Here, we look over some of the key moments across the year in politics that helped shape the international development agenda.

General election

The biggest moment of 2024, and perhaps of the decade, was the unexpected general election held just five months ago in July. With most of the political commentariat expecting an Autumn, and maybe even winter, election, Prime Minister Rishi Sunak surprised even some of his own MPs and called a July election.

The polls predicted correctly, and we saw a Labour landslide, winning 412 seats (411 when you take the speaker out of the total), and installing Keir Starmer as the first Labour Prime Minister since Gordon Brown in 2010. Along with a new government, there was an incredible turnover of MPs, with a record 335 being completely new to the role.

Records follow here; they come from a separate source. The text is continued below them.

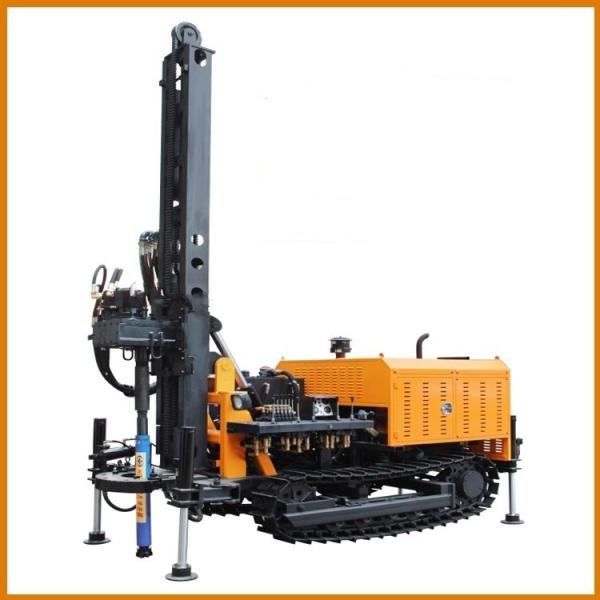 Quality Compact 11kw Rotary Drilling Rig Easy to Operate Well Drilling Machine with 380V for sale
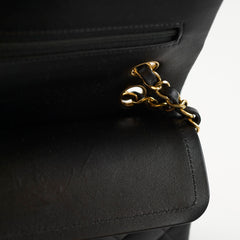 Chanel Small Classic Flap Black Lambskin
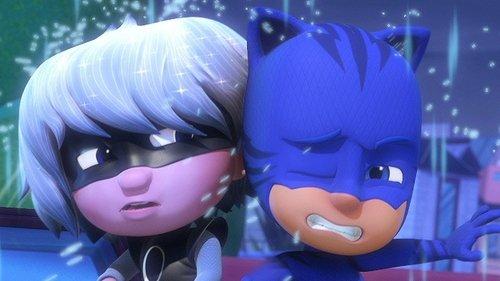 PJ Masks Season 1 Episode 2 - Catboy's Cloudy Crisis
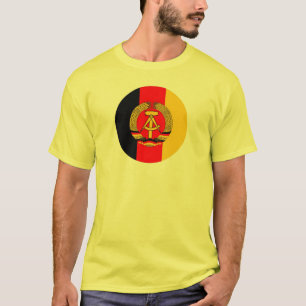 Oost-Duitse Militaire T-shirt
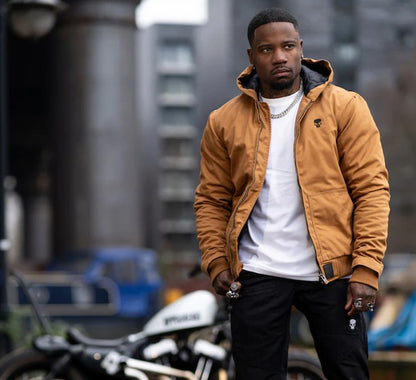 BOBHEAD Camel hversdagsjakki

Ahead of polling day, the political parties published their manifestos and with them, their promises on international development and foreign policy. In a welcome move, all four major political parties committed to solid, progressive international development policies. Which leads me onto…

The Bond Manifesto

Although not a political moment per say, towards the end of 2023 and throughout the first 4 months of 2024, hundreds of Bond members, stakeholders, networks and allies came together to discuss what the sector, and, more importantly, the communities we work with needed from the next government. Across multiple meetings, workshops, and planning days, Bond was able to compile one of the most comprehensive policy proposals based on evidence and insight from experts across the development sector. And to top it all off, we launched it in March in a packed room in parliament, with guest speakers from the major political parties.

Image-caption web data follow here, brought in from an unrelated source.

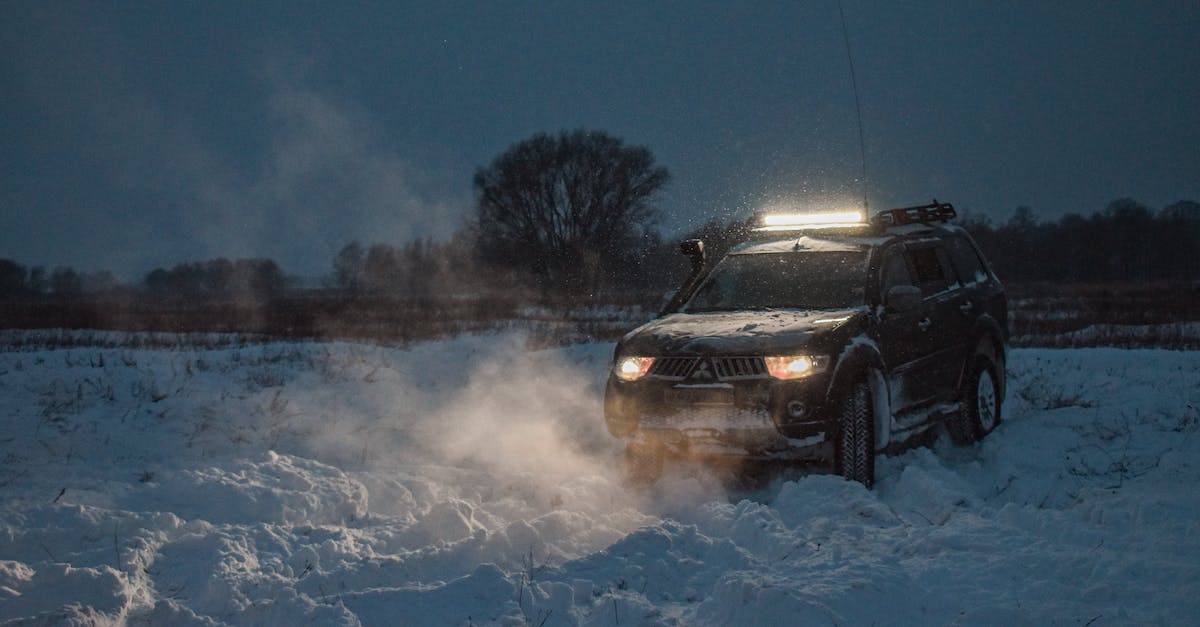 NPC's getting stuck in the ground? - A Car Stuck on a Snow Covered Ground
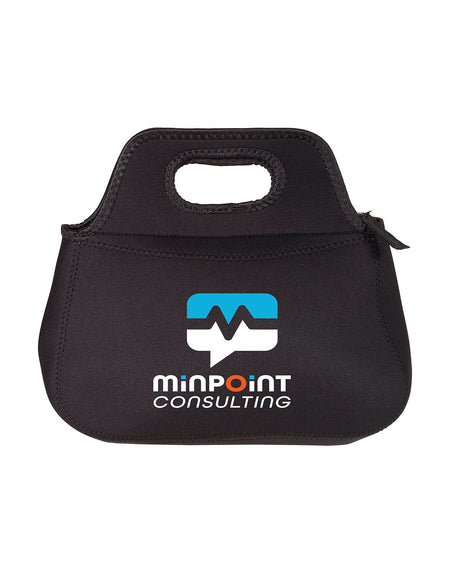 Prime Line Zippered Neoprene Lunch Tote Prime Line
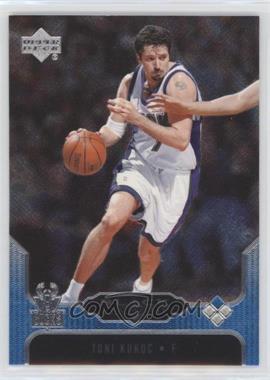 2004-05 Upper Deck Black Diamond - [Base] #47 - Toni Kukoc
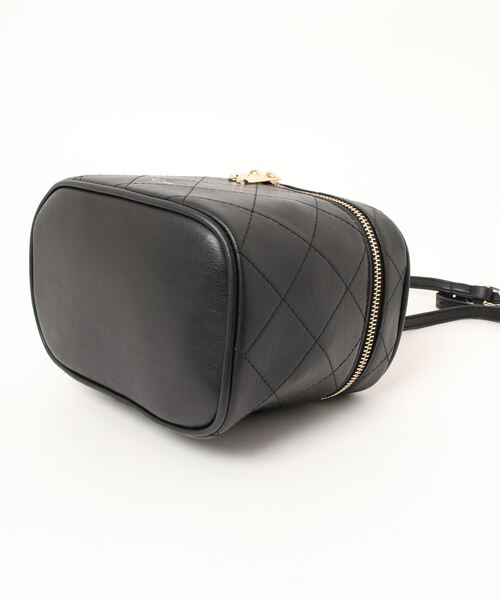 SALON de RUBAN（サロンドルヴァン）の「【SALON de RUBAN / サロン ド ルヴァン】 バニティショルダーバッグ（ショルダーバッグ・レディース・ブラック/ベージュ/アイボリー/グリーン系その他・FREE）」の6枚目の写真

But just having a document isn’t enough, if it doesn’t lead to change then it’s simply words on a page. After the launch, Bond worked with MPs, activists, and the political parties themselves, to ensure that this manifesto was able to have influence ahead of the general election.

The budget

It was hoped that Labour would use its first budget to turbocharge its commitment to international development seen in their manifesto and start to address some major concerns of the NGO sector, most notably the use of the aid budget to support refugees in the UK. Specific categories of this support to refugees can be reported as Official Development Assistance (ODA) over the first 12 months refugees from low- and middle-income countries are in the donor refugee.

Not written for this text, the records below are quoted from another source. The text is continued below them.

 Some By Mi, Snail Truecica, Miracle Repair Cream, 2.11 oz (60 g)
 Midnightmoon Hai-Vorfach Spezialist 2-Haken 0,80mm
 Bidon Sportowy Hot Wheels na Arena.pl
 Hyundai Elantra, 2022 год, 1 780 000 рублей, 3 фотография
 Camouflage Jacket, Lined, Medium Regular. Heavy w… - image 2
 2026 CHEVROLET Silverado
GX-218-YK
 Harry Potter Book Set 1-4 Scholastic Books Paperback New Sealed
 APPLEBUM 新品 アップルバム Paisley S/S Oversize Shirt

Under the previous government, the UK rapidly increased the amount of the UK aid budget it used for these costs, far exceeding most other countries (with a higher level of costs reported by the UK per refugee). Bond and its members advocated for the new government to reduce the amount of the UK aid budget used for these refugee costs and to find the money for this vulnerable group from somewhere else. But they have so far refused. They are still trying to reduce this figure by processing asylum cases as quickly as they can, with some success, but this progress is slow, and the need is urgent.

A return to 0.7?

It’s been over three years since the Conservative government used questionable methods in parliament to force a vote to reduce the UK aid and development budget from 0.7% of gross national income (GNI) to just 0.5% of GNI. Despite Labour towing the same line as the Conservatives before the election that they would ‘wait until the fiscal situation allows’ before returning to the target, it was hoped that the party would at least set out a realistic timeframe for the return to 0.7, or revisit the ‘fiscal rules’ set by the previous Conservative government to make them a bit more achievable and realistic.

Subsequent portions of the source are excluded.